(PROBLEM REQUIREMENTS)
There is a line containing "7 Quail Run" in the entries below. Repeat that line and every line after it exactly, and nothing more.

(Data items)
§ §

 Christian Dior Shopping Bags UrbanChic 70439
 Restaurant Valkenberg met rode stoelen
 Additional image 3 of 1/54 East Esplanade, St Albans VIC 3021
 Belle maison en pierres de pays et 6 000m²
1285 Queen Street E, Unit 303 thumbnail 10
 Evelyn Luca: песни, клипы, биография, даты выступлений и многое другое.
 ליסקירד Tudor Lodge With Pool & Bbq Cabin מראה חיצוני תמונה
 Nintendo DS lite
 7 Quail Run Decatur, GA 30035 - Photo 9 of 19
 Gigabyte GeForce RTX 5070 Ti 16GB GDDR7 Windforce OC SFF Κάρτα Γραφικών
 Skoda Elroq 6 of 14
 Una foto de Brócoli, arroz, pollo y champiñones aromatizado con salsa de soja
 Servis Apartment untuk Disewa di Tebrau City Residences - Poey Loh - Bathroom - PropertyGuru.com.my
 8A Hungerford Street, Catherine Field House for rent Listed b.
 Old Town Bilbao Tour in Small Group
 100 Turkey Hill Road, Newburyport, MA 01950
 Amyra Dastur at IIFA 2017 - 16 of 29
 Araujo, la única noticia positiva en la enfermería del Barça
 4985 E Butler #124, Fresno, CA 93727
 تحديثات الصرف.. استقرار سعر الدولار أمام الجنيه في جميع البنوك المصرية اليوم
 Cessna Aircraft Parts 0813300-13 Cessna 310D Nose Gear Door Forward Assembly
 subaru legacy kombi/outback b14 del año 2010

§ §

(ANSWER BELOW)
 7 Quail Run Decatur, GA 30035 - Photo 9 of 19
 Gigabyte GeForce RTX 5070 Ti 16GB GDDR7 Windforce OC SFF Κάρτα Γραφικών
 Skoda Elroq 6 of 14
 Una foto de Brócoli, arroz, pollo y champiñones aromatizado con salsa de soja
 Servis Apartment untuk Disewa di Tebrau City Residences - Poey Loh - Bathroom - PropertyGuru.com.my
 8A Hungerford Street, Catherine Field House for rent Listed b.
 Old Town Bilbao Tour in Small Group
 100 Turkey Hill Road, Newburyport, MA 01950
 Amyra Dastur at IIFA 2017 - 16 of 29
 Araujo, la única noticia positiva en la enfermería del Barça
 4985 E Butler #124, Fresno, CA 93727
 تحديثات الصرف.. استقرار سعر الدولار أمام الجنيه في جميع البنوك المصرية اليوم
 Cessna Aircraft Parts 0813300-13 Cessna 310D Nose Gear Door Forward Assembly
 subaru legacy kombi/outback b14 del año 2010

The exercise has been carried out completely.